• [What is expected]: When a line in the entries below contains the word "living", copy that line.

Short web captions
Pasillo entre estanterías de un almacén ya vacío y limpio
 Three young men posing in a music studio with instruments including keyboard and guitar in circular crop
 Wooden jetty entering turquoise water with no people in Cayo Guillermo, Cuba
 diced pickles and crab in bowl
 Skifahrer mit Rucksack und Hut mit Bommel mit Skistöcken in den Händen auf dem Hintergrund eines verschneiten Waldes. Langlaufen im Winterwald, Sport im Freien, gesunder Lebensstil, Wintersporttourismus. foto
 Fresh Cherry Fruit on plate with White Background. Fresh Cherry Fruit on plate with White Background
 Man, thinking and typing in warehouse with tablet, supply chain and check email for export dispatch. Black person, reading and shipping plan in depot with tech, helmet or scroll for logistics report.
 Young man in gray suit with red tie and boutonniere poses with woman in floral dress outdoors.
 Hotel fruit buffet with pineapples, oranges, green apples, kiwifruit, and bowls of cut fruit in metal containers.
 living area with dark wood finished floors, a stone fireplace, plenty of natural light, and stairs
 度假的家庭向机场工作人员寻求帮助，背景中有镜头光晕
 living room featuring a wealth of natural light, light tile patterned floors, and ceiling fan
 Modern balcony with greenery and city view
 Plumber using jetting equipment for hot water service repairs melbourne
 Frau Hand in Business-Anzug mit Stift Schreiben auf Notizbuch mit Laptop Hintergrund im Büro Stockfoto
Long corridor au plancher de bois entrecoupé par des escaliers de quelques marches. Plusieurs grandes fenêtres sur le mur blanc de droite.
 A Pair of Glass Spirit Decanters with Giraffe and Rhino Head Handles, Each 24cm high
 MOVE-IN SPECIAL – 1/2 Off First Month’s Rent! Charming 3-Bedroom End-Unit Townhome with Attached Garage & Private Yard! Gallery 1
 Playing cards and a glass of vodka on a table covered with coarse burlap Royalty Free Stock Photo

• [Response below]:
 living area with dark wood finished floors, a stone fireplace, plenty of natural light, and stairs
 living room featuring a wealth of natural light, light tile patterned floors, and ceiling fan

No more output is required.